30. | Comment: In regards to the below disclosure, please clarify the meaning of “fractions or pools of whole loans.” |
A Subsidiary may invest in whole loans or in instruments representing the right to receive interest payments and principal due on fractions or pools of whole loans or any other security or instrument in which the Fund is permitted to invest directly.
Response: The Fund will revise the disclosure to state that a Subsidiary may invest in residential and commercial real estate whole loans, participations in such loans or instruments representing the right to receive interest payments and principal due on such loans.
31. | Comment: Disclose the types (i.e., industry) of whole loans, pools of whole loans and fractions of whole loans in which a Subsidiary may invest. |
Response: The Fund will revise the disclosure to clarify that the whole loans, participations in such loans or instruments representing the right to receive interest payments and principal due on such loans in which a Subsidiary may invest will not be limited to any particular industry or industries, though it is expected that such instruments will consist primarily of residential and commercial real estate loans and mortgages (and pools and fractions thereof).
32. | Comment: Please revise the disclosure to clarify the following statement: |
The allocation of the Fund’s investments, if any, in a Subsidiary will vary over time and might not include all of the types of investments described above.
Response: The Fund will revise the disclosure to state: “The allocation of the Fund’s investments, if any, in a Subsidiary will vary over time, and a Subsidiary’s investments will also vary and may not include all of the types of investments described above.”
33. | Comment: Please include narrative disclosure with respect to the Adviser’s overall loan selection process and describe the particular selection standards for loans (e.g., maturity, duration, credit quality). |
Response: The Fund respectfully notes that the “Summary of Terms – Investment Opportunities and Strategies” section of the Prospectus discloses that the Fund does not have a policy to target a particular average maturity or duration and may invest in fixed income securities of any maturity or duration. Further, as explained in the Prospectus, the Fund seeks to invest opportunistically based on a relative value analysis that focuses on a variety of factors and also seeks to hold a diversified portfolio with a range of position sizes, geography, ratings, duration, structure and collateral values. Accordingly, no single set of selection standards is expected to govern the Fund’s loan selection process over time.
34. | Comment: Please disclose the procedures for valuing loans (e.g., factors that are considered, how such factors incorporate the Fund’s valuation methodologies, how loans are fair valued and adjusted to reflect changes in interest rates, spread levels and other market conditions). |
Response: As discussed in “Determination of Net Asset Value” in the Prospectus, the Fund’s investments in loans are valued in accordance with valuation guidelines established by the Board. Loans are generally valued on the basis of evaluated prices provided by one or more Pricing Services. Consistent with the Fund’s valuation procedures, the Adviser monitors the pricing information provided by Service Providers, subject to the oversight of the Board.

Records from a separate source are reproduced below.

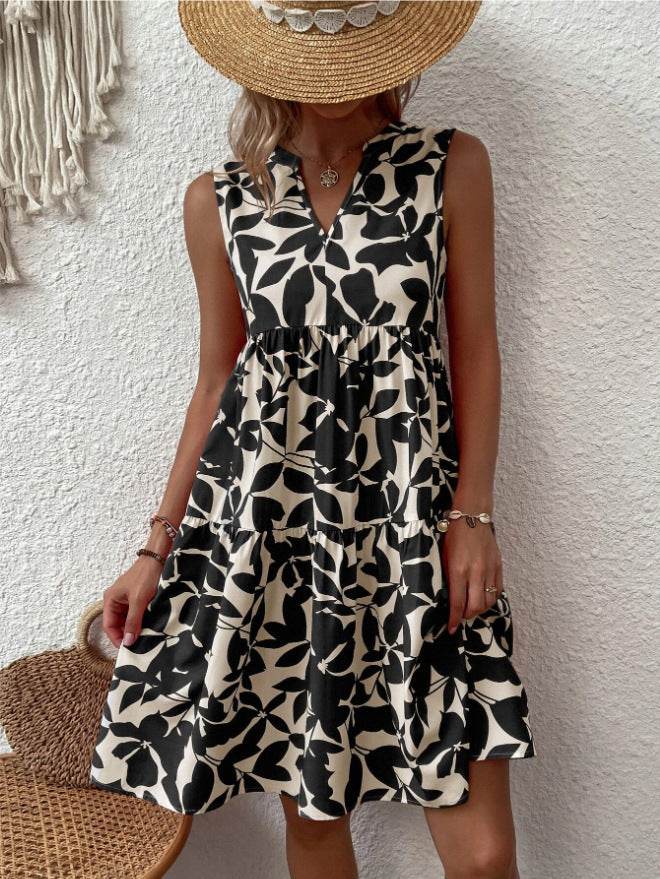 Bohemian Dresses Summer Beach Fashion Loose V-neck Pleated Print Sleeveless Dress For Women - www.Shopthatapp.com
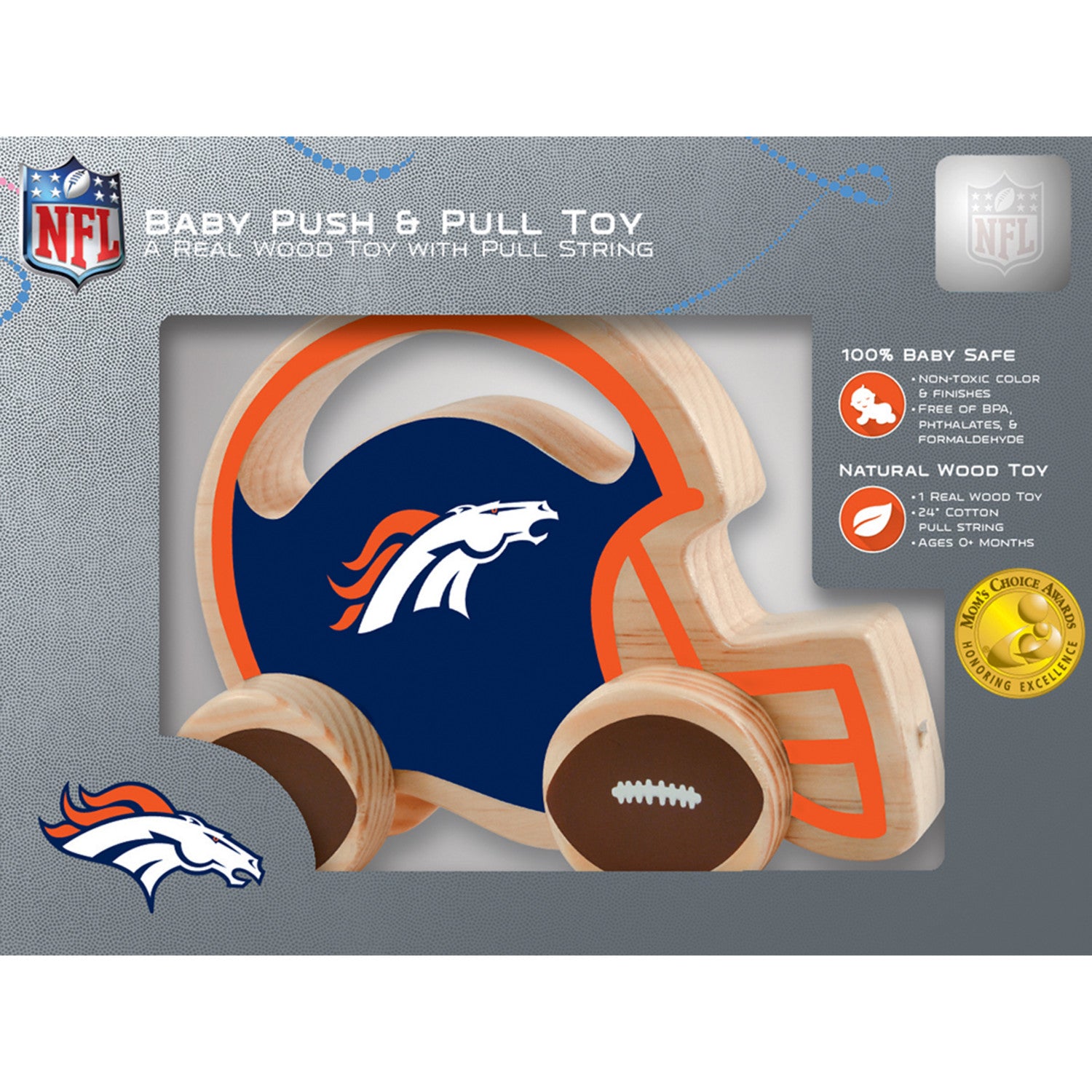 Denver Broncos NFL Wood Push & Pull Toy
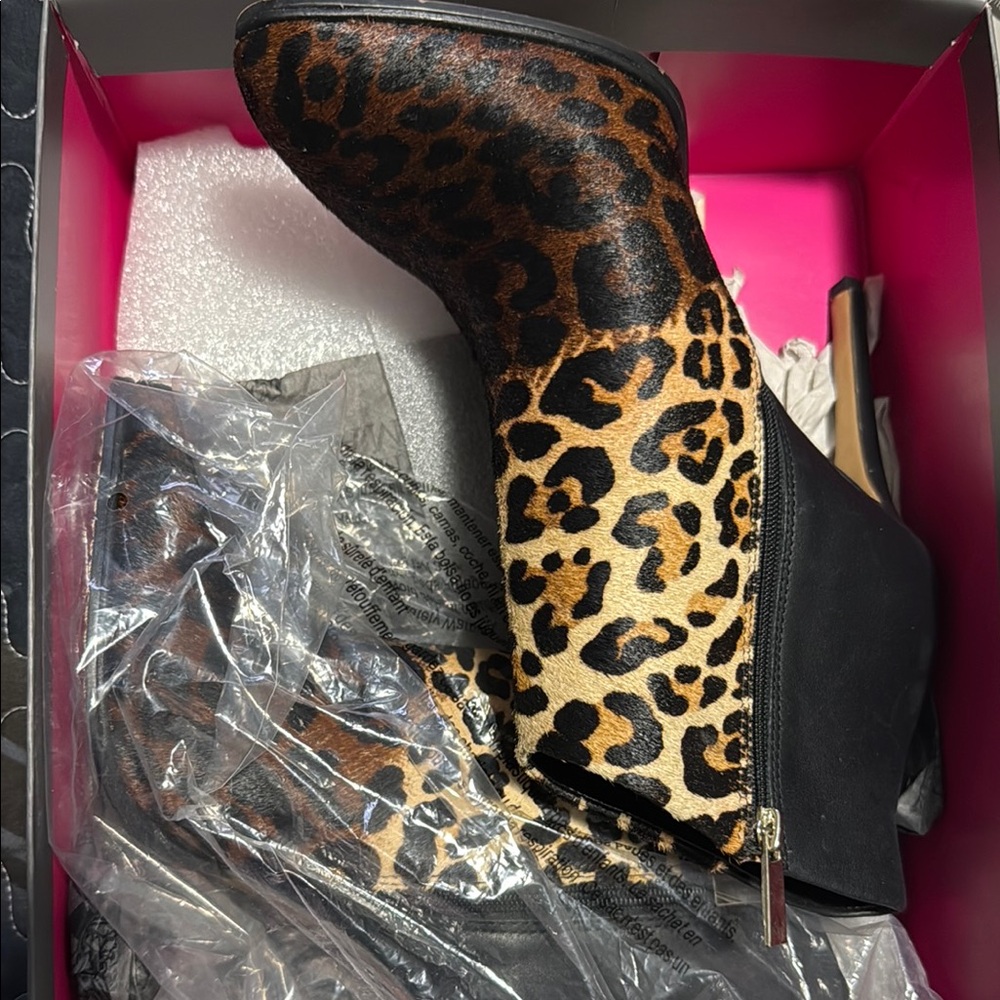 Vince Camuto Leopard Print Ankle Boots with Stiletto Heel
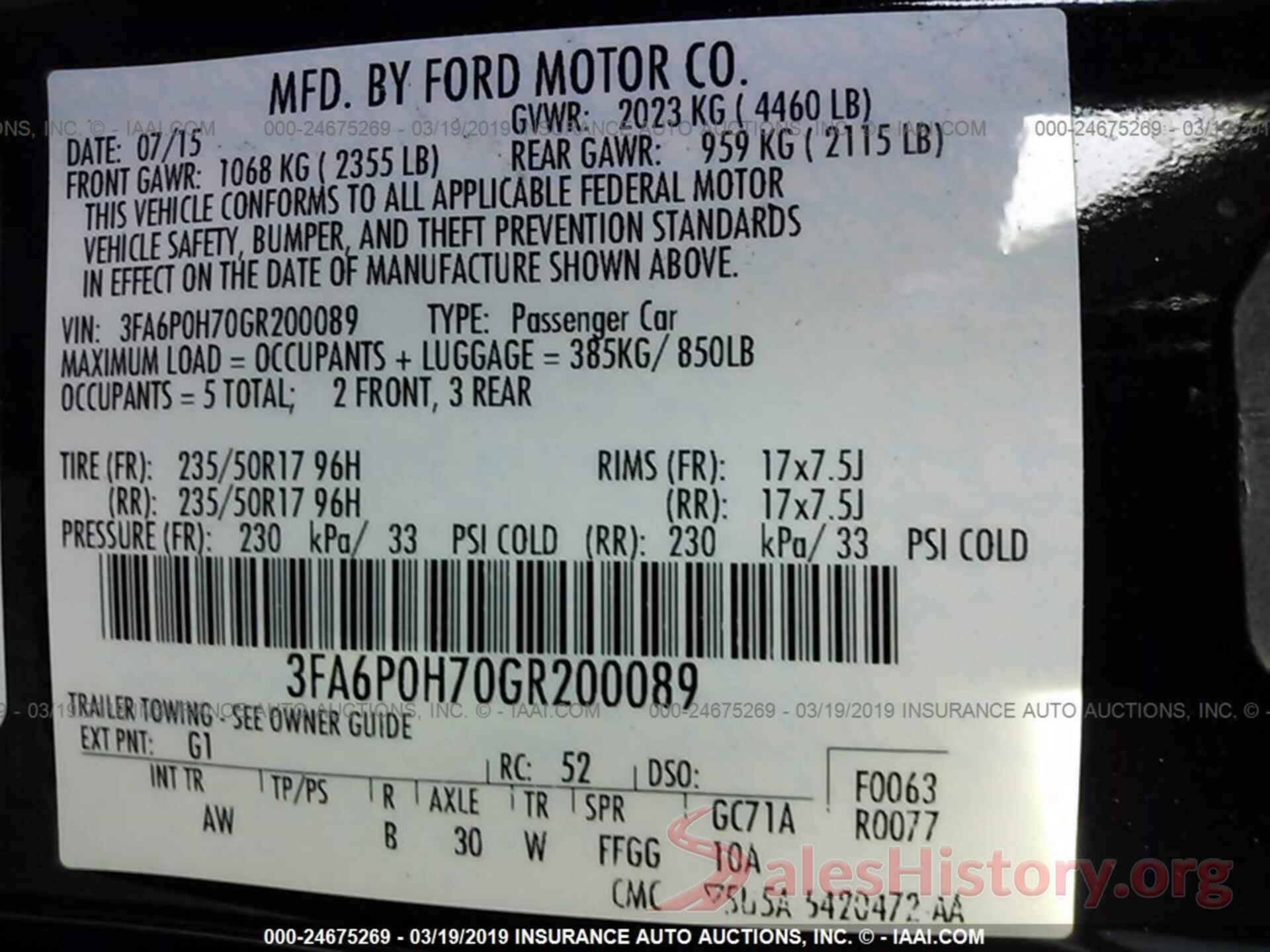 3FA6P0H70GR200089 2016 FORD FUSION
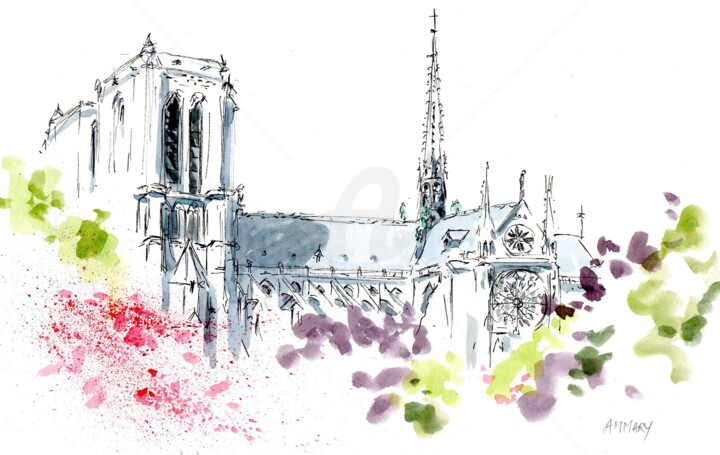 Painting titled "Notre Dame de Paris…" by Anne-Marie Mary, Original Artwork, Watercolor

35. | Comment: Please confirm supplementally that loans are valued on an individual basis and not on a pooled basis, even if loans are pooled in a standalone investment vehicle. |
Response: The Fund confirms that loans are valued on an individual basis and not on a pooled basis, even to the extent those loans are pooled in a standalone investment vehicle.
36. | Comment: Please clarify the disclosure below. Consider including disclosure stating that the principal risks of the Fund also apply to Subsidiaries, if accurate. Otherwise, please indicate for each risk factor whether the risk applies to the Fund, a Subsidiary or both. |
References herein to the investment exposure of the Fund also refer to the investment exposure to a Subsidiary.
Response: The Fund will revise the disclosure to clarify the risks that would be applicable to a Subsidiary.
Types of Investment and Related Risks (pages 19-33)
37. | Comment: “Principal Risks of Investing in the Fund – Fixed-Income Instruments Risk” contains the below statement. |
A fund with a negative average portfolio duration may increase in value when interest rates rise, and generally incurs a loss when interest rates decline.
If the Fund expects to have a negative average portfolio duration, please discuss this in “Investment Opportunities in Strategies,” including which securities may have negative duration and the Fund’s strategy with respect to managing negative duration. If the Fund does not expect to have a negative average portfolio duration, please move the above statement to the Statement of Additional Information.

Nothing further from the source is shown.